Einen konzeptionellen Schritt weiter in Richtung einer höheren Stufe von Ost-West-Kooperation ging Bahr, als er von Brandt für die 1980 im Auftrag des UN-Generalsekretärs gebildete Palme-Kommission benannt wurde, die über Sicherheit in Europa beraten sollte. Mit Bahrs eigenen Worten: Palme „bat mich, über die Frage nachzudenken: Was ist eigentlich Sicherheit im atomaren Zeital­ter? Meine Ergebnisse stimmten überhaupt nicht überein mit der Über­zeugung der damaligen Zeit, nämlich dass Sicherheit nur durch Rüs­tung, durch Abschreckung und militärische Überlegenheit hergestellt werden kann. Ich kam zu dem Ergebnis, dass im Zeitalter der gesicher­ten Zweitschlagsfähigkeit nur gemeinsame Sicherheit mit dem Gegner möglich ist. Das hieß also Kooperation […].“ Der Bericht der Kommmission erhielt schließlich den Titel: „Common Security“.
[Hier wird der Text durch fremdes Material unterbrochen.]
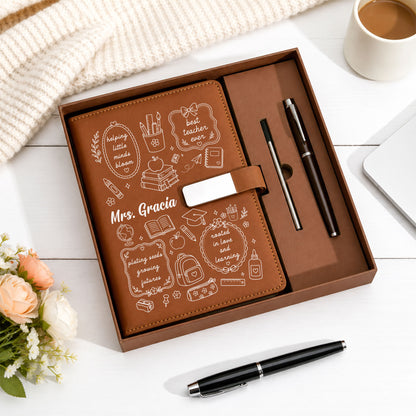 Personalized Teacher Journal Gift Set - Custom Teacher Leather Notebook and Pen - Appreciation Gift for Teachers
Diese neue Grundüberlegung – gemeinsame Sicherheit – wurde ebenfalls zu einer wichtigen Wegscheide im Ost-West-Verhältnis und prägte in den nachfolgenden Jahren nicht zuletzt auch den sicherheitspolitischen Diskurs in der DDR. Dabei traf der Ansatz Bahrs überwiegend auf Zustimmung: „Die Begründung für den von Bahr geäußerten kategorischen Imperativ gemeinsamer Sicherheit im Kernzeitalter durch Maßnahmen der Rüstungsbegrenzung und Abrüstung ist einfach und schlüssig: Wenn der Atomkrieg weder führbar noch gewinnbar ist, müssen jegliche Fortsetzung des Wettrüstens und die Anhäufung neuer Waffensysteme das Ausmaß der Bedrohung durch eine nukleare Katastrophe vergrößern.“ (IPW-Berichte, 12/1984) Gemeinsame Sicherheit wurde zum Ausgangspunkt sowie später, nach dem Machtwechsel zu M. Gorbatschow in der UdSSR, zum Nukleus systematischer sicherheitspolitischer Überlegungen in der Sowjetunion wie auch in der DDR.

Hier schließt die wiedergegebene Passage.